Figure 1. A genomic region containing a CRISPR. Red substrings correspond to CRISPR repeats, and blue substrings correspond to unique spacers. Repeats are highly palindromic and fold into a hairpin loop when transcribed.
In “Locating Restriction Sites”, we saw how one weapon used by bacteria in their age-old fight
with phages is the use of restriction enzymes. Another defense mechanism found
in the genomes of most bacteria and archaea centers on intervals of DNA called
CRISPRs (Clustered Regularly Interspaced Short Palindromic Repeats), which allow the cell to distinguish
its own DNA from that of phages or plasmids.
Specifically, a CRISPR is an interval of DNA consisting of identical repeats (approximately 23 to 47 bp long),
alternating with unique intervals (approximately 21 to 72 bp long) called spacers;
see Figure 1.
Spacers correspond to fragments of foreign DNA that were integrated into the genome
between repeats and serve as a memory bank for genetic material captured from invading phages.

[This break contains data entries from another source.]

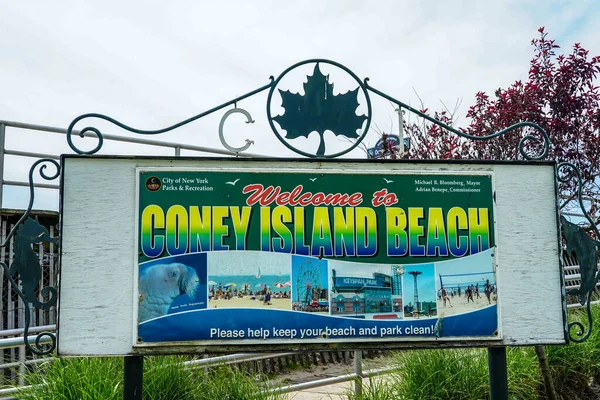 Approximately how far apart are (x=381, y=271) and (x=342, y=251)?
31 centimetres

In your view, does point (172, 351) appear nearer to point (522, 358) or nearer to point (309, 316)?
point (309, 316)

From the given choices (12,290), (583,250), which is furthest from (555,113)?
(12,290)

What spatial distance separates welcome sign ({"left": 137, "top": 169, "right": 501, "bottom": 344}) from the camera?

As a result, spacers can be used to recognize and silence invasive elements.
Specifically, CRISPRs are transcribed into
RNA molecules, each consisting of a spacer flanked by partial repeats.
The small CRISPR RNAs, together with associated proteins translated
from this RNA, target foreign DNA that matches the CRISPR spacer. In eukaryotes, a similar process is achieved by a process called RNA interference (RNAi).
To locate a CRISPR in a genome, we need to search for its repeats. We have already located
long repeats in “Finding the Longest Multiple Repeat”, but the case here is different because of the repeats appearing in CRISPRS are relatively short.
Instead, we are looking for repeated intervals that cannot be lengthened in either direction (otherwise, we would
intersect with a spacer).
Problem
A maximal repeat of a strings is a repeated substringt of s having
two occurrences t1 and t2 such that t1 and t2 cannot be extended
by one symbol in either direction in s and still agree.
For example, "AG" is a maximal repeat in "TAGTTAGCGAGA"
because even though the first two occurrences of "AG" can be extended left into "TAG", the
first and third occurrences differ on both sides of the repeat; thus, we conclude that "AG" is a maximal repeat.
Note that "TAG" is also a maximal repeat of "TAGTTAGCGAGA", since its only two
occurrences do not still match if we extend them in either direction.